[Tutor] rockpaperscissors
alan.gauld@bt.com
alan.gauld@bt.com
Mon Jan 27 08:54:01 2003
> I have enclosed some code for the game 'Rock, Paper, Scissors'.
> 1. I'm sure that there must be a more elegant way of writing
> this code,
Its not too bad given the size of the problem. You can of course
build on all sorts of extra sophistication, but its gardly worth
it IMHO.
> so any suggestions would be useful, if only for aesthetic purposes.
One area that might be more e;egant is to drive the results() function
from a data structure:
# results is a dictionary of dictionaries
outcomes = ["Scissors cuts Paper", "Paper wraps Rock", "Rock smashes
Scissors"]
winners = ["Drawn game", "Computer won", "You won"]

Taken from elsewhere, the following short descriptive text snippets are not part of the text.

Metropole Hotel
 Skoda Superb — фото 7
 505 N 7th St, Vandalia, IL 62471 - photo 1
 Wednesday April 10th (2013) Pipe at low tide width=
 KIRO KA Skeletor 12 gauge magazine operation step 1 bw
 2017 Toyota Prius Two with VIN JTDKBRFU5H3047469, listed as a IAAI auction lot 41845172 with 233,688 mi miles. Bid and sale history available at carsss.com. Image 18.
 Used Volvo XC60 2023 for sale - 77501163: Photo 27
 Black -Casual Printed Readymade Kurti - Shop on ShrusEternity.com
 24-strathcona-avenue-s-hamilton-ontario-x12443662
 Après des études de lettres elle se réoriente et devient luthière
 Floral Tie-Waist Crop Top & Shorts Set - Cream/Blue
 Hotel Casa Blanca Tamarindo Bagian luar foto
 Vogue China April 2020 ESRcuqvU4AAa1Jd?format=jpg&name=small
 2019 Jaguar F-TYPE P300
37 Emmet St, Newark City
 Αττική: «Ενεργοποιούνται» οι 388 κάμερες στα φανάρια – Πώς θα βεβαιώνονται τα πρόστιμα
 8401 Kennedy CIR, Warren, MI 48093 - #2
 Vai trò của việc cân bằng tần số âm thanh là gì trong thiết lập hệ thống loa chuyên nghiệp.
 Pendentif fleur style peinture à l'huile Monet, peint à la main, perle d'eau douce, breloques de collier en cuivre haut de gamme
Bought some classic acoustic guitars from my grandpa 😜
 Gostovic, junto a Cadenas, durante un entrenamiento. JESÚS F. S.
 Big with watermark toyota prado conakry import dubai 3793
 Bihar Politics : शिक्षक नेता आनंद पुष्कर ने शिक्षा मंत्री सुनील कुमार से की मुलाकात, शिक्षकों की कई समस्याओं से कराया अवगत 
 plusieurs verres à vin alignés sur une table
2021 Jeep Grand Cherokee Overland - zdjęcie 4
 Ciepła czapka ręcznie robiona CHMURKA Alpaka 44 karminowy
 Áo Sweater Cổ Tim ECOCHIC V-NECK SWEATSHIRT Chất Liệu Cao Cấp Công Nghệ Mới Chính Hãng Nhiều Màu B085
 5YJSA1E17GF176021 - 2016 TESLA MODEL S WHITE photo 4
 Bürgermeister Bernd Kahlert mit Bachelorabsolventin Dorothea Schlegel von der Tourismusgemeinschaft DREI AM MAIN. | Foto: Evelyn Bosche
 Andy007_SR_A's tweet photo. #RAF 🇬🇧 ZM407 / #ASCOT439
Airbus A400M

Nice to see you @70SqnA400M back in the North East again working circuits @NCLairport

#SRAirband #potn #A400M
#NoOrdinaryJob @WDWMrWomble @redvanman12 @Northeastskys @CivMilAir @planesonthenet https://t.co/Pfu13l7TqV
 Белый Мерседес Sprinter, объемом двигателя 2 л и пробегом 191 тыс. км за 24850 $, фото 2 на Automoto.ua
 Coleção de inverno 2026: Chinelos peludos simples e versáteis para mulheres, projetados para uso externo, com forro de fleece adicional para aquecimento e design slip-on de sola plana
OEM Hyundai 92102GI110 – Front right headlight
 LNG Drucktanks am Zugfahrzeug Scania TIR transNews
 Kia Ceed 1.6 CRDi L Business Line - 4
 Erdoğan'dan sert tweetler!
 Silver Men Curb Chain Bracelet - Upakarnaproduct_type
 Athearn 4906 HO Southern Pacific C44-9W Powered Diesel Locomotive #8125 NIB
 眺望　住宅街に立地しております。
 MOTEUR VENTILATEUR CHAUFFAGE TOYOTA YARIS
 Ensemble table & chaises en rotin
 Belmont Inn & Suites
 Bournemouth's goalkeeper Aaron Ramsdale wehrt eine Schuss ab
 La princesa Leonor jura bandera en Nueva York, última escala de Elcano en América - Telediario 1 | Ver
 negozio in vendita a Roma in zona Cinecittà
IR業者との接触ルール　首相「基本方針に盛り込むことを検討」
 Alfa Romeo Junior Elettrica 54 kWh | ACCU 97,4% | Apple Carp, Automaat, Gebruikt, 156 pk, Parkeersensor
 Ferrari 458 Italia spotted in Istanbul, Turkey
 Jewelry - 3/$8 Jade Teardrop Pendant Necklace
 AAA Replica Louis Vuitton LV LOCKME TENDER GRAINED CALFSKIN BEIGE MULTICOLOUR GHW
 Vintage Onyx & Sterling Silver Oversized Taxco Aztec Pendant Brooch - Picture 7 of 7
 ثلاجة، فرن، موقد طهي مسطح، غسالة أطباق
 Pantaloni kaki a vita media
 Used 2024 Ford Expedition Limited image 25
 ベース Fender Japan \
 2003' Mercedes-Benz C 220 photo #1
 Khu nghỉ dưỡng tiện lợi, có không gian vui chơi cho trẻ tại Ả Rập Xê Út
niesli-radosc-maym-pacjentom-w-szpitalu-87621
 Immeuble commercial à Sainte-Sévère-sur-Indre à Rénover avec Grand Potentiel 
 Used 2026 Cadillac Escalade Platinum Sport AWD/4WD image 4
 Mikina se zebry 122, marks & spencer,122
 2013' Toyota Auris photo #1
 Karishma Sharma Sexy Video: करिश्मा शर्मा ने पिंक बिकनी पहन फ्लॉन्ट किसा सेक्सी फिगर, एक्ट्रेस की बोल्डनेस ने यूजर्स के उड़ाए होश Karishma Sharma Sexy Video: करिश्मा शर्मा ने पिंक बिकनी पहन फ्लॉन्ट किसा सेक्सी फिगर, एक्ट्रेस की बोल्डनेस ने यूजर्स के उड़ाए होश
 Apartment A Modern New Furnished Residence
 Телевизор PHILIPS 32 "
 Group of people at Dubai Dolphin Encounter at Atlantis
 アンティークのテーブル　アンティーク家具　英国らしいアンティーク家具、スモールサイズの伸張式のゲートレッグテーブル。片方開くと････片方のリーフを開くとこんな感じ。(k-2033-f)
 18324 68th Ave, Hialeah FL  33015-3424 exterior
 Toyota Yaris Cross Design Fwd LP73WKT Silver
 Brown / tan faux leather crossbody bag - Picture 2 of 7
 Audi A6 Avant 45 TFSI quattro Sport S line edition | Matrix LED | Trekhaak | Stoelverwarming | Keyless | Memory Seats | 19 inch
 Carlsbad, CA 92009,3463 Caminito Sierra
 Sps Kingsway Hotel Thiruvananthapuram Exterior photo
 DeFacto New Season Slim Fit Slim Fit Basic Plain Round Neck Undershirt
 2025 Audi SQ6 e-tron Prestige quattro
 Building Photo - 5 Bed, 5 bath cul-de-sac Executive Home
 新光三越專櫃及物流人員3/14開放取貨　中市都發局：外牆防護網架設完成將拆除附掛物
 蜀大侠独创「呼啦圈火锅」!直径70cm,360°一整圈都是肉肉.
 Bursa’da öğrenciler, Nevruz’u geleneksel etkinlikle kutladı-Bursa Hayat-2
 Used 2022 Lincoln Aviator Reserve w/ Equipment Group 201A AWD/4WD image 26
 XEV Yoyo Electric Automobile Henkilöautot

results = { 1: { 2: outcomes[1] + winners[1],
3: outcomes[2] + winners[2] },
2: { 1: outcomes[1] + winners[2],
3: outcomes[0] + winners[1]},
3: { 1: outcomes[2] + winners[1],
2: outcomes[0] + winners[2]}
}
Now your function just becomes a case of looking up the dictionary
and printing the result. But its not that much prettier and only
saves a tiny bit of maintenance effort.
> 2. I was wanting to include a way of counting the number of
> wins for the computer and for the user.
There are 3 outcomes - Computer Wins, User wins, or draw.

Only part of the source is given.